I’ve spent June reading manuscripts as a guest consultant for Black Lawrence Press, and as the month winds down, I’m reminded of how rewarding and enjoyable this work is. I love getting to know people through their writing, living with their books and characters for days or weeks at time, and analyzing how their manuscripts are put together and what revisions might open up even more doors–either to versions of the existing project, or to connected pieces that might become a whole (other) book! Summer is a great time for me to pour my heart into this kind of work, so if you have a story, essay, chapbook, collection, novel, or memoir that you’d like a new perspective on, check out my editing/consulting page. I’d love to take on more projects in the near future!
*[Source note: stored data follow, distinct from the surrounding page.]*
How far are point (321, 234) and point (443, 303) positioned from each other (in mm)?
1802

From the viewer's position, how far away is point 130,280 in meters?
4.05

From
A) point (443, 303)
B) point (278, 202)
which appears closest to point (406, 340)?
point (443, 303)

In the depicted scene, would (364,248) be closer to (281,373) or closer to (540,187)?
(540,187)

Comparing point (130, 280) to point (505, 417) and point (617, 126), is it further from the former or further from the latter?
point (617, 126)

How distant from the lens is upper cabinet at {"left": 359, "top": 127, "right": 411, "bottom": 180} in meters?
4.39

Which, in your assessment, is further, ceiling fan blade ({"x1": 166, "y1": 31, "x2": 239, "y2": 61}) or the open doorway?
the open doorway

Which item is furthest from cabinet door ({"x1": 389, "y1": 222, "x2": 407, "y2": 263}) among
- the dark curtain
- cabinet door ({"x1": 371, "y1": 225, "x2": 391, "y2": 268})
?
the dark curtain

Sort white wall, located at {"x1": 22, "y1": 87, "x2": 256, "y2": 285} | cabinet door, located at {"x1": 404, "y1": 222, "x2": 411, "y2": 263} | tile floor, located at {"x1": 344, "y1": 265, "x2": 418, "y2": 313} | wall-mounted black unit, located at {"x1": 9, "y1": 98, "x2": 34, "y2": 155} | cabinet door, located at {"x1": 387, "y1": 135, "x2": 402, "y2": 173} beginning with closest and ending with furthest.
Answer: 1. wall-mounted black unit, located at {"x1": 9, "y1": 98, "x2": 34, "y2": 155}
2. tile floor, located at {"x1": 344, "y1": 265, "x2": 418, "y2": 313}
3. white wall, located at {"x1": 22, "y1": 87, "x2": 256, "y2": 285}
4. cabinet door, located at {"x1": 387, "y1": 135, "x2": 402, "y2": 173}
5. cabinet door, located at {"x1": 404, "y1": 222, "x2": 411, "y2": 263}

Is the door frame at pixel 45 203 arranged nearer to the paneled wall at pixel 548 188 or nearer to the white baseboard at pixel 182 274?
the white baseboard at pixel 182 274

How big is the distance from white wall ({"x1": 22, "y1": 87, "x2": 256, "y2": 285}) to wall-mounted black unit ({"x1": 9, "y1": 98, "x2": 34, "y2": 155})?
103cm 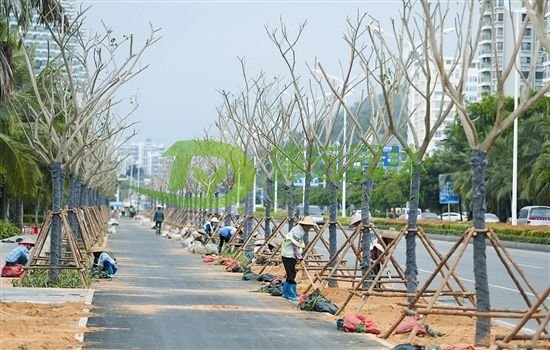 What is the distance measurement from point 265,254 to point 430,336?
51.8 feet

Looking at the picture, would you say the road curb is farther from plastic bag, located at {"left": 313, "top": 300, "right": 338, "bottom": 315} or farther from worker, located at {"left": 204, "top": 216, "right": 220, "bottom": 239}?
worker, located at {"left": 204, "top": 216, "right": 220, "bottom": 239}

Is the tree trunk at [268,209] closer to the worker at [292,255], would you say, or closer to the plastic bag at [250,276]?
the plastic bag at [250,276]

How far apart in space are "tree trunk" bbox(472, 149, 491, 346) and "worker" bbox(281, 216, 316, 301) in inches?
293

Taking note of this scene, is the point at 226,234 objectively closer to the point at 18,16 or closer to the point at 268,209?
the point at 268,209

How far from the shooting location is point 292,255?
21.1m

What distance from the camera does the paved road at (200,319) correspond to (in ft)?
46.6

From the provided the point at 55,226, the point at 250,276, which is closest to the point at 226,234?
the point at 250,276

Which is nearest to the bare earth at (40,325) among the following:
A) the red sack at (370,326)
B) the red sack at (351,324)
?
the red sack at (351,324)

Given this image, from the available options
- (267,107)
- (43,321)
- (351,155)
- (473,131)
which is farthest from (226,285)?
(267,107)

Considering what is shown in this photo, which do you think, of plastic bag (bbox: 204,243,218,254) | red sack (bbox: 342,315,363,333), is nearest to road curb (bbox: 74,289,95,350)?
red sack (bbox: 342,315,363,333)


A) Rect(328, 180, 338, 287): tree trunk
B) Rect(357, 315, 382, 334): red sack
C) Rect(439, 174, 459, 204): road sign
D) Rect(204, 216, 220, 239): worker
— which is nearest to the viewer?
Rect(357, 315, 382, 334): red sack

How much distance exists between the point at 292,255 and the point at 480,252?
24.7ft

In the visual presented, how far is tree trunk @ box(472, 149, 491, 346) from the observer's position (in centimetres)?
1384

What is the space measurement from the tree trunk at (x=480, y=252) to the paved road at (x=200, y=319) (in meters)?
1.30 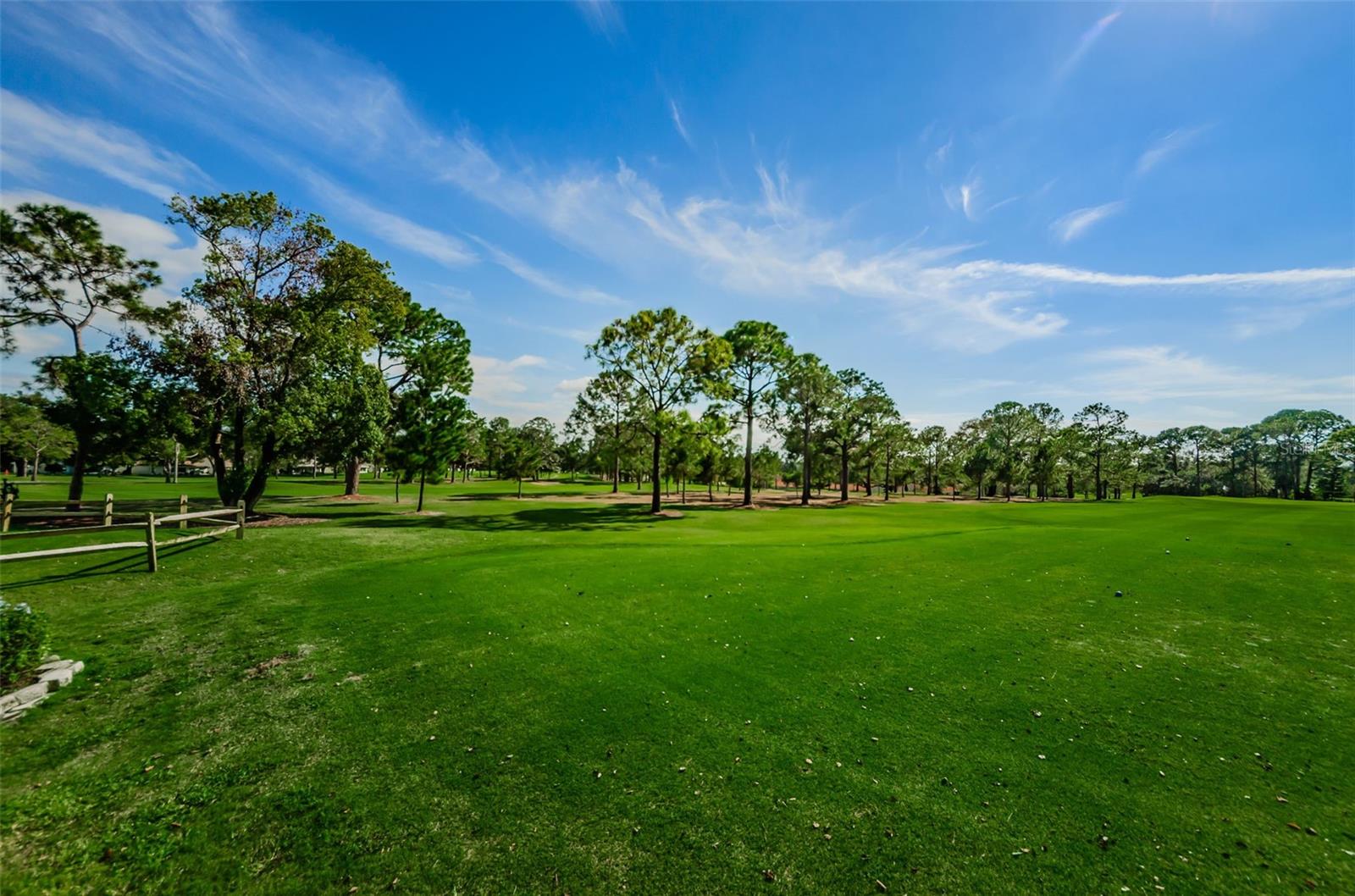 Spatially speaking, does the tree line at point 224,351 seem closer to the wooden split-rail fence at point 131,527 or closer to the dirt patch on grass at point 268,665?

I published a short story, “The Neighborhood,” in Granta last month, and they asked me to write an essay about the story for their “First Sentence” series. The first sentence of the story is “The wire children move independently and have recognizable faces.” Read the story “The Neighborhood” here, and read the “First Sentence” essay here.
The story was heavily influenced by Harry Harlow’s disturbing experiments with baby primates. Listen to the radio show on which I first learned about these experiments here. (This American Life, Episode 317, “Unconditional Love.”)
And check out Lauren Slater’s book Opening Skinner’s Box, which has a chapter dedicated to Harlow here. Then read the rest of her book and write a story based on a psychological experiment!